Editorial

Published 12:00 am Monday, January 11, 2016

Fire ant attack not likely to bring FEMA declaration

Panola County was fortunate to have escaped the December 23 tornado with no serious injuries to folks hereabouts.
The county’s first responder community — that in this potentially extreme situation included a broad swath from firefighters, law enforcement of every stripe from local police, the sheriff and his deputies to Wildlife Conservation Officers, ATF agents and so on, Red Cross officials, the county Emergency Management Agency and perhaps others — mobilized en masse.
After the local first responders had set priorities for Panola’s needs and determined that they would be met, they made themselves available to worse-hit counties to the northeast. All of that happened within 24 hours of the EF3 tornado’s passing through.
There is one previously unreported casualty that we only learned about during a chance encounter with Bill Wallace of Como.
There was a young fellow Bill knows well who found himself out southwest of Como directly in the path of the twister’s approach. He responded just as any other level-headed young man caught in such a situation might have done; he pulled out his phone and started recording video.

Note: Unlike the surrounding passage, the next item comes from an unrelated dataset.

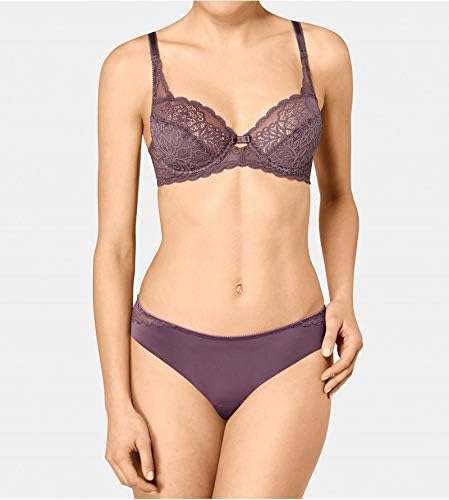 Сутиен с банели и изискана дантела Triumph Amourette Spotlight W X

But as the tornado kept coming, bearing down on him, he decided that he’d better seek shelter, so he ran into a nearby ravine and lay on the ground.

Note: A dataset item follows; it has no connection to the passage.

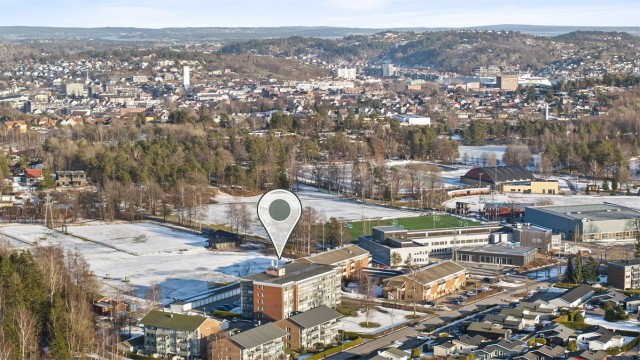 Bugårdsparken benyttes også til ridning og hesterelaterte aktiviteter gjennom sommerhalvåret, da parken har gressbane som brukes til stevner. Dette gir et variert og levende miljø i parken, med aktivitet tilpasset alle sesonger.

The trouble was the fire ants who had previously staked a claim by building their nest on the exact spot where the young man had chosen to lie. If you’ve ever stirred a fire ant nest with a stick, you know how quickly they mobilize and attack everything around them.
Wallace, in retelling the story, provided no estimate of how long the young man remained in the prone position on the ground before he decided the need for immediate relief from his numerous attackers was greater than the threat of the winds howling around. He jumped up from spot and ran into a nearby pond where he immersed himself in an attempt to remove the army of biting, stinging creatures.
Fire ants attack from both ends. With their mandibles they clamp their victims while they inject poison with stingers on the other end. It’s an effective one-two punch, the latter of which is the  reason we call them fire ants, a reason that the victim in this story now knows better than most of us.
Fortunately, he was not highly allergic to the venom. Soon a nearby resident had provided him with white vinegar which proved effective in taking away the burning, Wallace said.Something about the vinegar’s acidity counteracting the venom’s alkalinity, according to internet sources.
The point of this retelling is that if we had suffered losses like some of our neighbors, we’d have had a hard time finding its humor.